Water loss may also be reduced through reduction in the evaporative surface area. The shedding of large, thinner leaves and production of smaller, thicker leaves with the onset of dry season provides the plant with a smaller evaporative surface and aids in water economy.
iii. Drought Tolerance Through Solute Accumulation (Osmotic Adjustment):
When the plant water potential declines, the maintenance of turgor pressure is important for its growth and metabolic activities.
Turgor pressure can be maintained by an accumulation of solutes. Solute accumulation is an important aspect of plant adaptation to water deficit. In order to adapt to external low soil water potential, a low solute (osmotic) potential by solute accumulation must be achieved if volume and turgor are to be retained.
Ψ = Ψµ + Ψp + Ψm
where Ψ is total water potential, Ψµ is osmotic or solute potential. Ψp is turgor or pressure potential and Ψm is matric potential. Thus, the adjustment of Ψ or osmotic adjustment by solute accumulation is an adaptive response to osmotic stress.
The compounds, which accumulate during water deficit include amino acids such as proline, quaternary ammonium compounds such as glycinebetaine, polyhydroxy alcohols like glyoerol and sorbitol and sugars like sucrose. The accumulation of proline is usually the most outstanding change among the free amino acid pools. These compounds have protective effects against osmotic stress.
Protoplasmic Resistance:
Many species have protoplasm that survives periods of low water content. These desiccation- tolerant plants are called poikilohydricor resurrection plants. The loss of water from these plants causes dehydration of cytoplasm but the metabolic function can be regained following rehydration. The examples of such plants are lichens and mosses like Sphagnum.
Three criteria must be fulfilled by the tissues of desiccation-tolerant species. First, cellular metabolism should be so designed that highly concentrated cytoplasm caused by desiccation does not affect the basic cellular machinery.

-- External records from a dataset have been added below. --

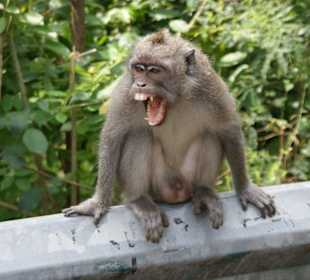 Das ist aber nicht Martin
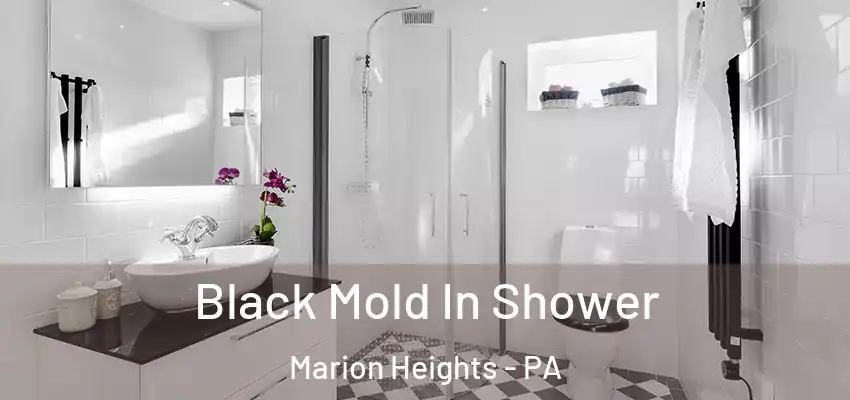  Black Mold In Shower Marion Heights - PA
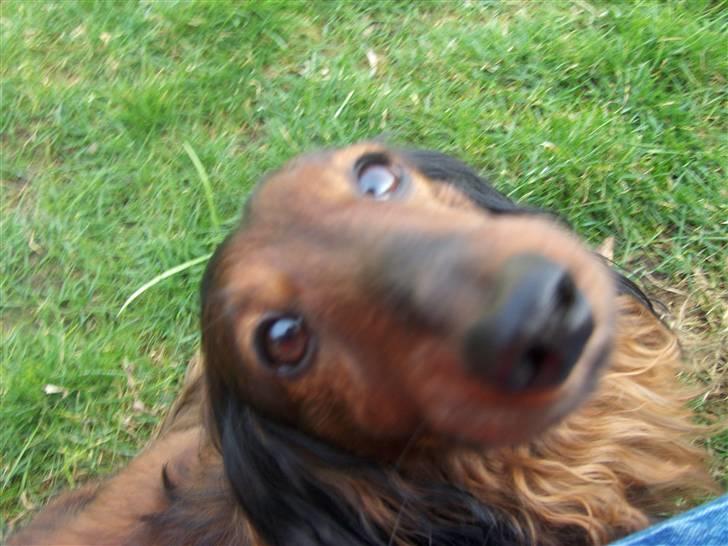 Gravhund Viggo - Jeg elsker dig! billede 12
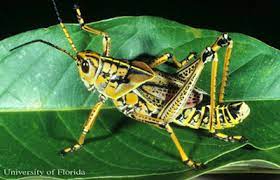 After this you probably want to put it with. Eastern Lubber Grasshoppers Gardening Solutions University Of Florida Institute Of Food And Agricultural Sciences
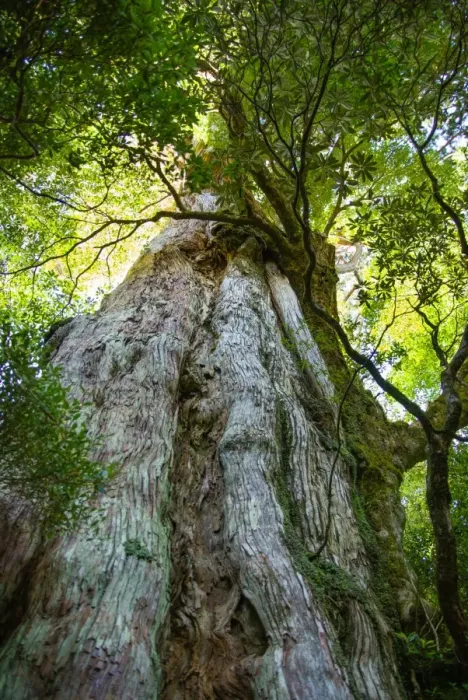 Framed Print : Old Japanese ceder tree in forest, Yakushima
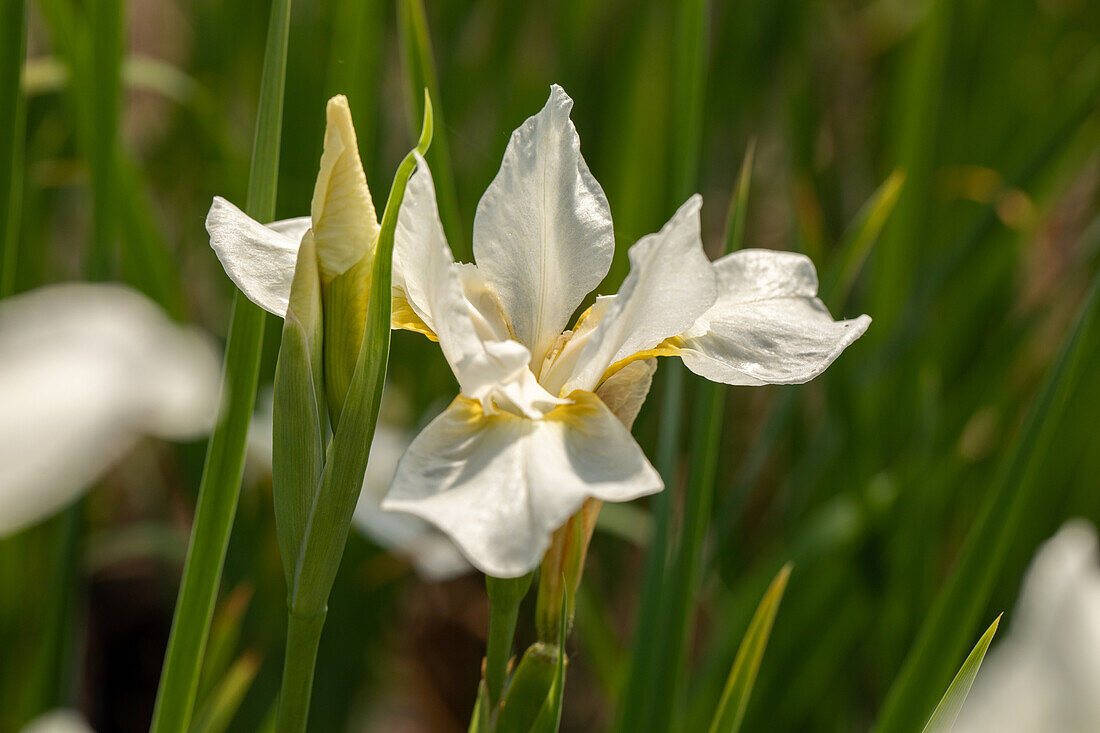 Iris sibirica 'White Horse'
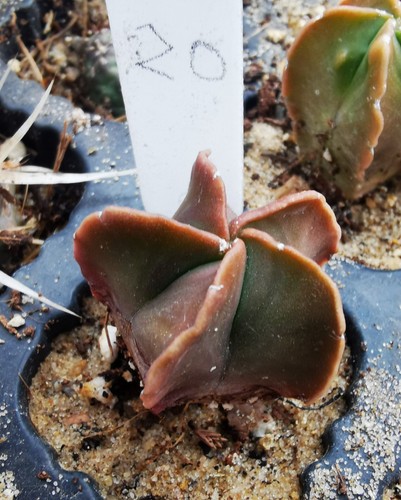 Astrophytum myriostigma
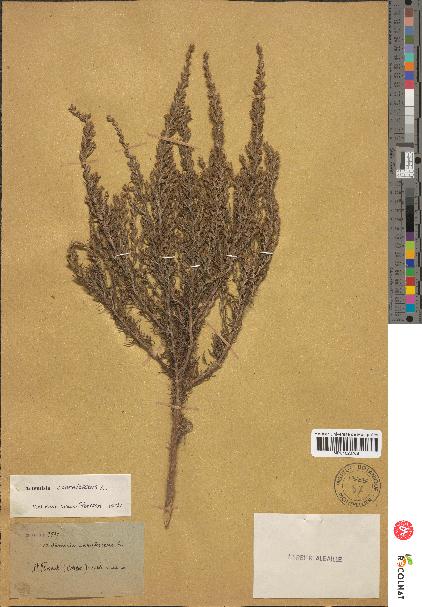 spécimen de Artemisia caerulescens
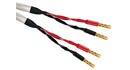 Zakonfekcjonowany Kabel Głośnikowy Wireworld Solstice 10 SOS 2,0m
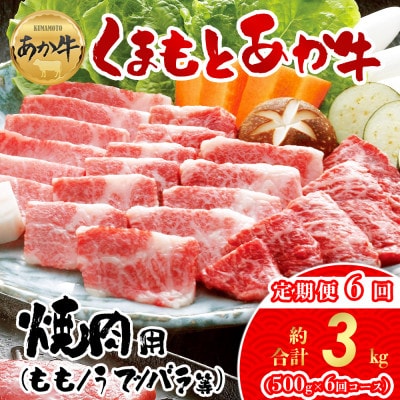 【毎月定期便】【GI認証】くまもとあか牛　焼肉用約500g(阿蘇市)全6回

Second, there must be relatively less frequent connections between the cells by plasmodesmata because cell shrinkage is likely to break the connections. Third, the cell wall must be able to withstand extensive dehydration without losing structural integrity.
(iv) Development of Embolisms: Xylem Cavitation:
Another mechanism by which plants compensate for water limitation is the development of embolisms in xylem cells. When a xylem cell has an embolism, cavitation occurs which prevents water movement through that cell.
As the number of cells developing cavitation increases in a stem, hydraulic conductance (i.e., water movement) decreases. Plants, which are devoid of embolisms will be able to continue transpiration even at low cellular water status than will species that are susceptible to embolism.
Xylem cavitation is a mechanism to reduce water loss during dry seasons. Under such a condition, a loss of continuity of water column in xylem pipelines will reduce water movement to the leaves, which in turn will induce stomatal closure and lower transpiration.
Root is the Sensor of Water Stress of Shoot:
Roots are able to sense the drying of the soil and this information is communicated from the root to the shoot. It is believed that dehydration of roots may generate a chemical response that moves to the shoot.
Such root signals are related to some hormones, which are exported to the shoot possibly in the transpiration stream. Two hormones like cytokinin, the concentration of which- is reduced by water stress and ABA increased by water stress may be held responsible in signal transduction between different plant organs.